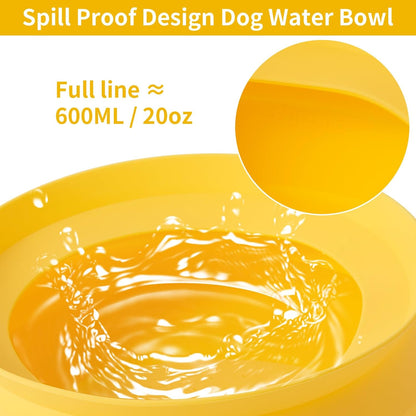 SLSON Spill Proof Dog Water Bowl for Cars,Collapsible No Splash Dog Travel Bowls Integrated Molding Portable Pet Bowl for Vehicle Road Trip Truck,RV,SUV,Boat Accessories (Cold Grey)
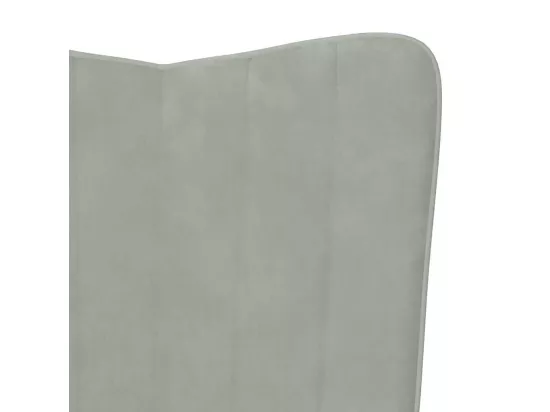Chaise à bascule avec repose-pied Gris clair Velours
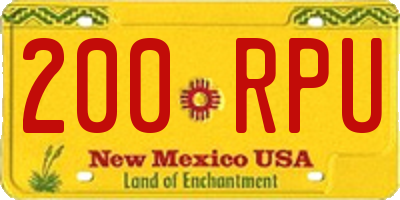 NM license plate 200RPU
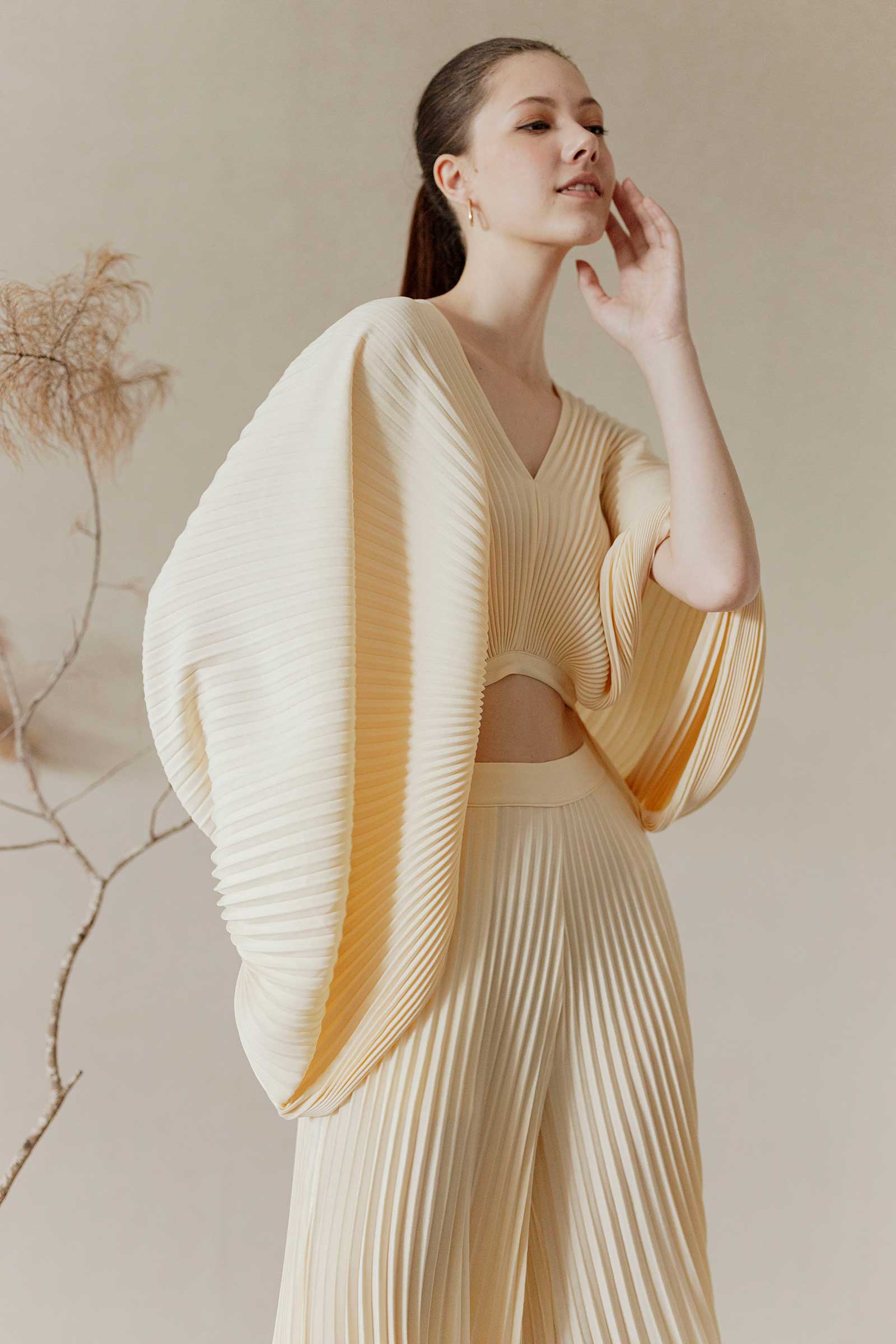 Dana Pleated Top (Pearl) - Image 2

+++++

- _ASSIGNED TASK_
Give back the whole of the material exactly, with the pictures removed.

- _WRITTEN SOLUTION_
 SLSON Spill Proof Dog Water Bowl for Cars,Collapsible No Splash Dog Travel Bowls Integrated Molding Portable Pet Bowl for Vehicle Road Trip Truck,RV,SUV,Boat Accessories (Cold Grey)
Chaise à bascule avec repose-pied Gris clair Velours
 NM license plate 200RPU
 Dana Pleated Top (Pearl) - Image 2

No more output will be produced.